| PROMPT |
Which lines below hold the word "Premier"? Report each one.

| DATA SUPPLIED |

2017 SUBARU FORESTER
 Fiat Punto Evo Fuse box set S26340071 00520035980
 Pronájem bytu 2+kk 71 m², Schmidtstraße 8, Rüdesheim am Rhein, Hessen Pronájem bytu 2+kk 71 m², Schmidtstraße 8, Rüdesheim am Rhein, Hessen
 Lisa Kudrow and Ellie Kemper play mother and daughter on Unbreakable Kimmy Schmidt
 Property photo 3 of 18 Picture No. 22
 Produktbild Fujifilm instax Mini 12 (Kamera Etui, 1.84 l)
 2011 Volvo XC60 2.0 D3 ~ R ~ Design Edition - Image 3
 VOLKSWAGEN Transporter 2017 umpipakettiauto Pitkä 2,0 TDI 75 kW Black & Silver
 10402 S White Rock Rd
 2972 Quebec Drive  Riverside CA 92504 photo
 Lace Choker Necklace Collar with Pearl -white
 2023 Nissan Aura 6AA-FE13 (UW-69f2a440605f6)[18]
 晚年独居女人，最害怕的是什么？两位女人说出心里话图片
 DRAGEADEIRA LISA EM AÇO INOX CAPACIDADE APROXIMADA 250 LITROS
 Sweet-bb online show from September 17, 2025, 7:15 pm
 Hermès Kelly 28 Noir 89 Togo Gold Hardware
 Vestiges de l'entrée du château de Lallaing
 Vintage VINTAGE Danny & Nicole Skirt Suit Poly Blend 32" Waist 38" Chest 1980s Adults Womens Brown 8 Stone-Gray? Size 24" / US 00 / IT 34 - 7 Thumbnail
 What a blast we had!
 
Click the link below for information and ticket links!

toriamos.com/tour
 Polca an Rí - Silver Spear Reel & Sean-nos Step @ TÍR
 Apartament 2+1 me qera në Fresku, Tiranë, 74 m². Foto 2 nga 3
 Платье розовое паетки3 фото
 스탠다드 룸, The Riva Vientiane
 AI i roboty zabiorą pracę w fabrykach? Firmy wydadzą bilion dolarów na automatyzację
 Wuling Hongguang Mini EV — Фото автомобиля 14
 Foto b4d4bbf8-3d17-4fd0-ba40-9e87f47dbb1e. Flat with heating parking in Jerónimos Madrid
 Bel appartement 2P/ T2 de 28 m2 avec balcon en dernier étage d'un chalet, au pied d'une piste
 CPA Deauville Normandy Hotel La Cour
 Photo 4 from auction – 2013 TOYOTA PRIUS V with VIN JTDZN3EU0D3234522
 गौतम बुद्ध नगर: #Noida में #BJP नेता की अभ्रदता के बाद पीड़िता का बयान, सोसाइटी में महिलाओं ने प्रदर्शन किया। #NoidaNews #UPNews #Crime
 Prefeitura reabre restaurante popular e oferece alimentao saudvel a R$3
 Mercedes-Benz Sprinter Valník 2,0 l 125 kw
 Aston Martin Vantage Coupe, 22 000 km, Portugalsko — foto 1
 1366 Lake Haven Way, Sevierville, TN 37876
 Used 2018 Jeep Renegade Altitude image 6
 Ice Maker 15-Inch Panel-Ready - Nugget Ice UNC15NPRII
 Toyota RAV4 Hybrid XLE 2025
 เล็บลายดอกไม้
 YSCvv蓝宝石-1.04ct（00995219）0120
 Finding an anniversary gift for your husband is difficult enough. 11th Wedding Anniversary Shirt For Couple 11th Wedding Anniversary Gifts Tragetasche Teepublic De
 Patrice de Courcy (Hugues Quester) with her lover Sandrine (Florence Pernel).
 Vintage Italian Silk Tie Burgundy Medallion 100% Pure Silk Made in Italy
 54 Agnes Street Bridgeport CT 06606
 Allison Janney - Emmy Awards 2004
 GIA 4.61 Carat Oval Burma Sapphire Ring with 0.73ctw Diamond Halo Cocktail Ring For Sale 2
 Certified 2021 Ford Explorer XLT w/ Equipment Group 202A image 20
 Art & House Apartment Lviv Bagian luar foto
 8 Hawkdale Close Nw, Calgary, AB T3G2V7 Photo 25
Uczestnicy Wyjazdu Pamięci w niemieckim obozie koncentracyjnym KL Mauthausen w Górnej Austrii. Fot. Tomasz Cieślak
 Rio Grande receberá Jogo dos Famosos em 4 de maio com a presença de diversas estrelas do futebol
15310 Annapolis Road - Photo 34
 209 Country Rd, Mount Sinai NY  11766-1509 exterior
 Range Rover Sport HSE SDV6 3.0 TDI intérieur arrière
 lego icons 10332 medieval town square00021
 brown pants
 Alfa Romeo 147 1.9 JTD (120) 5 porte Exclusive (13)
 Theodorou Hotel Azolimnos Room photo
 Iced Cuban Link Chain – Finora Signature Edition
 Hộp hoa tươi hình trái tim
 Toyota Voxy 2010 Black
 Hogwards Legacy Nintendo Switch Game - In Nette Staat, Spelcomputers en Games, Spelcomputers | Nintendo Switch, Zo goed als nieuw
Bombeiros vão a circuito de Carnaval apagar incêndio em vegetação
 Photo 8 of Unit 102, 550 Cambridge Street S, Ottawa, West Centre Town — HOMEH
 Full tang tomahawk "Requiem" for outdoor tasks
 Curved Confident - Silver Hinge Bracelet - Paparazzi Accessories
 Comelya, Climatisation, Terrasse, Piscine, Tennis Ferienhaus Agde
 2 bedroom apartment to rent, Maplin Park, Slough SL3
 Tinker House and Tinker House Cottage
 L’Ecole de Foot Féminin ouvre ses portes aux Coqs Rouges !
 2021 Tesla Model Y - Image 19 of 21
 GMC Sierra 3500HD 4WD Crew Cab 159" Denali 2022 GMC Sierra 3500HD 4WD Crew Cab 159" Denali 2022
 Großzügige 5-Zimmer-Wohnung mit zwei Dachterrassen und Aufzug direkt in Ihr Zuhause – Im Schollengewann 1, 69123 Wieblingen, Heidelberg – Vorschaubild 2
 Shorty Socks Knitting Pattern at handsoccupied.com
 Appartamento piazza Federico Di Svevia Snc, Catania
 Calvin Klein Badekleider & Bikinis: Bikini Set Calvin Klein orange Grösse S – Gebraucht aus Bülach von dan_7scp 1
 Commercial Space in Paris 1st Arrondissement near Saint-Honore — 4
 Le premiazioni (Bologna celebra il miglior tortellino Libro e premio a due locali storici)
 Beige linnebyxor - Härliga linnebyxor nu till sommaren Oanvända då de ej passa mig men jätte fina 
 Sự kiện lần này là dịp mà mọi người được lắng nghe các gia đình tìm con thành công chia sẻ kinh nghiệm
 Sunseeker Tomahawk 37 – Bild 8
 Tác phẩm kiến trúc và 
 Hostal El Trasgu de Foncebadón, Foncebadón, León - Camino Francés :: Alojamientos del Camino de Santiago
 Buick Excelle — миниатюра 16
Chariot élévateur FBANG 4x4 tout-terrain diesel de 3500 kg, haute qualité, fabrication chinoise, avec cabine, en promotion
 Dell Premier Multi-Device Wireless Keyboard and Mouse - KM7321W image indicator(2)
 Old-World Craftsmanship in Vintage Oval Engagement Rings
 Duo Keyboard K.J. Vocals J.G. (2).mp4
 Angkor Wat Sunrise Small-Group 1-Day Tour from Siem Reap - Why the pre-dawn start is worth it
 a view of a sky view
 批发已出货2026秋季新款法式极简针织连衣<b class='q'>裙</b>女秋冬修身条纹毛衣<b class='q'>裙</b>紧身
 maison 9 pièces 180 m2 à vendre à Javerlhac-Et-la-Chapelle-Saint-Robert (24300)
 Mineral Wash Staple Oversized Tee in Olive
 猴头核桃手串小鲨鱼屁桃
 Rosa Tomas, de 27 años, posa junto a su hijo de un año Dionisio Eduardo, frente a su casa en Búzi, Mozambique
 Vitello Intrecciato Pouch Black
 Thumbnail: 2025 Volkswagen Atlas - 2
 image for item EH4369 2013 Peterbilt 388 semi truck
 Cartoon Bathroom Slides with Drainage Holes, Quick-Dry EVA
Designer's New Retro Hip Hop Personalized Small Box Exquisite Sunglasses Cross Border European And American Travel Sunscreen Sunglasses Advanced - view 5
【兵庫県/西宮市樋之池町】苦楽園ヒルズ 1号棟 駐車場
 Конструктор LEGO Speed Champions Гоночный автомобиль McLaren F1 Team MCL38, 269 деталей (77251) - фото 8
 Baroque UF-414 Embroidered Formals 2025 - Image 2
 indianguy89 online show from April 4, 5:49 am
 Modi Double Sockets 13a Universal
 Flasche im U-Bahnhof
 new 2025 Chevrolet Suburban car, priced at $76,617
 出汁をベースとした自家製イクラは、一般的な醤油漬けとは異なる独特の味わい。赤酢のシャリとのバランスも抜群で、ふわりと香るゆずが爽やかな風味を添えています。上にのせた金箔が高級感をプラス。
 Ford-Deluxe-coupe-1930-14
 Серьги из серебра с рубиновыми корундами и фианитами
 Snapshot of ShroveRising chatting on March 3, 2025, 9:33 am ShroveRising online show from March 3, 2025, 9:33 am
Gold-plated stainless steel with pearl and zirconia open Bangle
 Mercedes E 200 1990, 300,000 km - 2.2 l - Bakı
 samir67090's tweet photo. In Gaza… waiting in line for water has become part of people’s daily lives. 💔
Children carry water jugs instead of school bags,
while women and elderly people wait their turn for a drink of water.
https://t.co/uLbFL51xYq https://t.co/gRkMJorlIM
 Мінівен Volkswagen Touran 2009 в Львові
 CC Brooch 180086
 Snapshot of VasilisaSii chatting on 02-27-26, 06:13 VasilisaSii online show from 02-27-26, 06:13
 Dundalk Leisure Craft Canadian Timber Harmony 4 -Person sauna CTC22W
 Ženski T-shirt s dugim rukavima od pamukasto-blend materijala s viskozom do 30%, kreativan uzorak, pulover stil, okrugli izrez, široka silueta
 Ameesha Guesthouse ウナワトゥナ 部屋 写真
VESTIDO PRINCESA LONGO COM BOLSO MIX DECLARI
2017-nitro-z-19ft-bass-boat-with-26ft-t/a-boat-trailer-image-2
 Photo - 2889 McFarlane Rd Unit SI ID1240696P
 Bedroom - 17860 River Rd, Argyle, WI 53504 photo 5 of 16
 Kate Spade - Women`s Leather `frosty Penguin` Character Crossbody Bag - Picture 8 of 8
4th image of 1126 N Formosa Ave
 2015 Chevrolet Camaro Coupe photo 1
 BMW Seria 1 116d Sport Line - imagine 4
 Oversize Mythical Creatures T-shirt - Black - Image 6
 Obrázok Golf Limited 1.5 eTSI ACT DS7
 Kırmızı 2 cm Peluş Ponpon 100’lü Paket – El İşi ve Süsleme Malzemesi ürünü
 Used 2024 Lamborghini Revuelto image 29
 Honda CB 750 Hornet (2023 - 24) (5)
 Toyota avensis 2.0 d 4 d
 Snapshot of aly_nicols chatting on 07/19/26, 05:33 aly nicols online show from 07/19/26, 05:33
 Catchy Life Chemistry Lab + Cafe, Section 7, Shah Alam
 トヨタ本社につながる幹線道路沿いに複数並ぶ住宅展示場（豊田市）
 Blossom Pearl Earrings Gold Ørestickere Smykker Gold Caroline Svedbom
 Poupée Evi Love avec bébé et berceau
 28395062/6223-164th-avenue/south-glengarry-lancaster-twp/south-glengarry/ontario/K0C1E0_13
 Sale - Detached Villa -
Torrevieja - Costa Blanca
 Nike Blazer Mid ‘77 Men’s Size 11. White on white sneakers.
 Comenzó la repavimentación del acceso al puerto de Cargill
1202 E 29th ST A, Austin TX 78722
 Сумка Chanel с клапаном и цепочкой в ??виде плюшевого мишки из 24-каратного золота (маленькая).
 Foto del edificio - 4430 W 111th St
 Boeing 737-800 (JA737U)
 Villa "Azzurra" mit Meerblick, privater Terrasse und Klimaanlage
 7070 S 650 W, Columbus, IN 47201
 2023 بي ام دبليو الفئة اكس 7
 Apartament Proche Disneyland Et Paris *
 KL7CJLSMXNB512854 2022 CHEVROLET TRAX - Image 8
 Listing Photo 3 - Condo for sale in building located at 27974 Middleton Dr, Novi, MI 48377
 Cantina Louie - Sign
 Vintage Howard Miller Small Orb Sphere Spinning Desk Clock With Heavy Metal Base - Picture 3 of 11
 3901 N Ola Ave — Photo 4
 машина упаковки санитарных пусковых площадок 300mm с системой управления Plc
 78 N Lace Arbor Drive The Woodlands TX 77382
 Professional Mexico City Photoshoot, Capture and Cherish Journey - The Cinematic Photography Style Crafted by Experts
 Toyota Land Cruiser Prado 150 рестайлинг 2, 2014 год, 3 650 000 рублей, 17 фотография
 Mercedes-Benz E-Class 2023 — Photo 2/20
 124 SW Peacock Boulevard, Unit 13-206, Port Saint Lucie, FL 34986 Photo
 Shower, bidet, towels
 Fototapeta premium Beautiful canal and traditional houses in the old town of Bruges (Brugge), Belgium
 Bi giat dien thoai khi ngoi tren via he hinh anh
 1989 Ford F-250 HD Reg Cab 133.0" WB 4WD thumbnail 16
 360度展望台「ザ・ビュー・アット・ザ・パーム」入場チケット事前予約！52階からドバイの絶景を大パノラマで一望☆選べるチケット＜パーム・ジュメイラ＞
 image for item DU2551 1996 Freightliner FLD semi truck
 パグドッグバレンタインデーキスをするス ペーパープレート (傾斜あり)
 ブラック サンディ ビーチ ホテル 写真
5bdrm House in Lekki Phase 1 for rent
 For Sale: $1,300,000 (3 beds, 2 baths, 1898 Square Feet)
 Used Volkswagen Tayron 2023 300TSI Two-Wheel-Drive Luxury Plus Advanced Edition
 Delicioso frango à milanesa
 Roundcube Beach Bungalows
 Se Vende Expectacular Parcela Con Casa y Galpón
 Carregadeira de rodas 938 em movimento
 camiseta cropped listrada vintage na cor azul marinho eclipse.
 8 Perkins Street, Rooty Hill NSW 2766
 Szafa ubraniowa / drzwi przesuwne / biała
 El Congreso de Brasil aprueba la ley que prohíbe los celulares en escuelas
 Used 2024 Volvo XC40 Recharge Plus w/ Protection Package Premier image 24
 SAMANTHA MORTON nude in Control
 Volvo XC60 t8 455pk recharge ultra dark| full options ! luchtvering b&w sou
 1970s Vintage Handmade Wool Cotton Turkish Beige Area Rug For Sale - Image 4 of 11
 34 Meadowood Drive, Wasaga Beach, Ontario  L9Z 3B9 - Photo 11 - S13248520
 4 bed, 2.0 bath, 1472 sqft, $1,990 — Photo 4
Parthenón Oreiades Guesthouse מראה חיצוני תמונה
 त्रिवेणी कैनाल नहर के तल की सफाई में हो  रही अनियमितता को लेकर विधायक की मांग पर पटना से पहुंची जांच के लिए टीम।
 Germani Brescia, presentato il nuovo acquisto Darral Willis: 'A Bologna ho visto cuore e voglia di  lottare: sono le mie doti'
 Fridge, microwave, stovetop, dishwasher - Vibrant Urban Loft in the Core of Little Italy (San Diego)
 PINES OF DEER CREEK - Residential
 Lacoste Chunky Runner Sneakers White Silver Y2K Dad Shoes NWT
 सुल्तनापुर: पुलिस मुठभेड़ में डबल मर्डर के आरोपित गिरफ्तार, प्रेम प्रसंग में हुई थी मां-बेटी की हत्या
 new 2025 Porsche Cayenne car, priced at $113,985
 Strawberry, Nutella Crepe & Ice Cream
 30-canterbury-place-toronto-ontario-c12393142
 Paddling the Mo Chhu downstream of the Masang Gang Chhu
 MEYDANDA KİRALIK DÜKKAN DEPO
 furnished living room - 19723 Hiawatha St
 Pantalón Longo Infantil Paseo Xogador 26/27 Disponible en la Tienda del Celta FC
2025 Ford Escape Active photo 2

| RESPONSE AREA |
 Dell Premier Multi-Device Wireless Keyboard and Mouse - KM7321W image indicator(2)
 Used 2024 Volvo XC40 Recharge Plus w/ Protection Package Premier image 24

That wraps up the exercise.